BOQ 1H earnings slide

(30 March 2017 – Australia) Bank of Queensland (BOQ) has recorded a slight drop in first-half earnings as “intense competition” impacted margins.

In the six months to the end of February 2017, the bank’s cash earnings slid by two percent to A$175 million. The slide follows net interest margins decreasing by 5 basis points to 1.85 percent, with the group detailing a robust competitive environment in both loans and deposits.

“We have prioritised margin and credit quality over growth in this half, in what has been an intensely competitive period not just in lending but also in retail deposits,” BOQ’s Chief Eexecutive Jon Sutton said.

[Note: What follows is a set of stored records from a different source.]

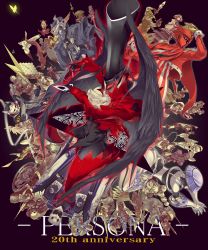 Rule 34 | 10s, 909s, anniversary, apollo (persona 2), arsene (persona 5), ascot, black background, bug, butterfly, colored skin, copyright name, english text, everyone, highres, holding, holding sword, holding weapon, insect, izanagi (persona 4), mask, monster, no humans, persona, persona 1, persona 2, persona 2 batsu, persona 2 tsumi, persona 3, persona 4, persona 5, purple background, shirt, simple background, striped clothes, striped shirt, sword, thanatos (persona), unworn mask, weapon, white ascot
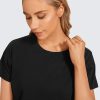Women's Pima Cotton Workout Short Sleeve Shirts Loose Athletic Crop Tops Gym Casual Cropped T-Shirt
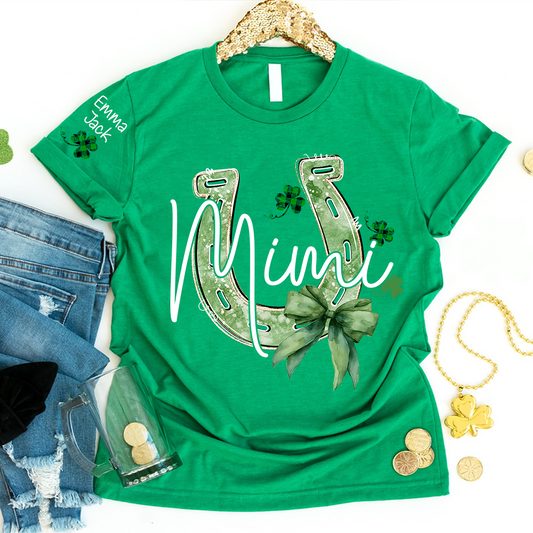 Mimi St Patrick’s Day Shirt, Lucky Horseshoe Shamrock Family T Shirt, With Grandma And Kids Names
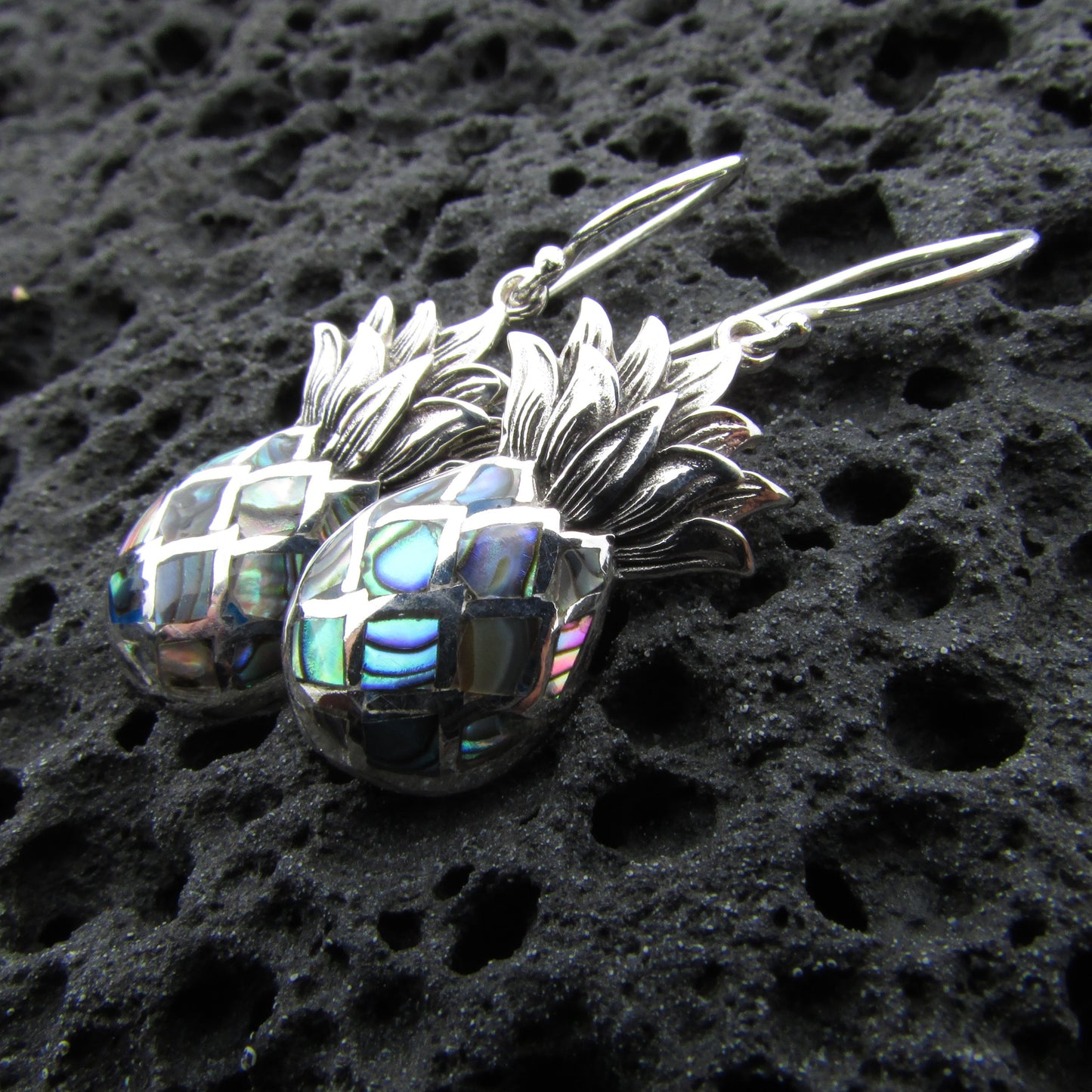 Pineapple Fruit Earrings | Paua Abalone Shell | Sterling Silver | Gift | Jewelry | Handmade | Unique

Adding: “A higher quality, higher margin portfolio will deliver more sustainable profits longer term and this has guided our response to a number of industry headwinds.”

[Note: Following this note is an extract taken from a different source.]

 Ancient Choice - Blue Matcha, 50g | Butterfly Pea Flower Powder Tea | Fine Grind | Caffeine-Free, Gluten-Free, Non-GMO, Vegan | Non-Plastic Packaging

However, Sutton’s second half outlook provided better outcomes. He said “a number of the headwinds that emerged in 2016 abated late in the half, which saw mortgage application momentum return and deposit spreads improve.”

BOQ retail deposit to lending ratio rose by three percentage points to 71 percent.

Meanwhile, a number of out-of-cycle rate hikes in the sector — largely targeting investors — has hinted at a cooling off in competition in the home lending market.

BoQ said it had benefited by the less intense competition as lending volumes jumped this month.

“We have seen a 30 per cent uplift in mortgage application volumes in recent weeks which gives us confidence of a return to growth in the second half,” Sutton said.

“Even though it has been a tough environment, we are at a turning point. Our increased mortgage momentum, outlook for revenue growth and capital optionality all provide a strong framework to deliver on our full year targets.”

Importantly for the bank, there was a 25 percent decrease in charges for bad loans to A$27 million. New impaired loans fell to A$57 million for the half compared to A$80 million in the same period last year.

Sutton said although there were pockets of weakness across the economy, there are no signs of deterioration in the bank's loan portfolio.

The group’s tier-one capital ratio improved 29 basis points to end the half at 9.29 percent.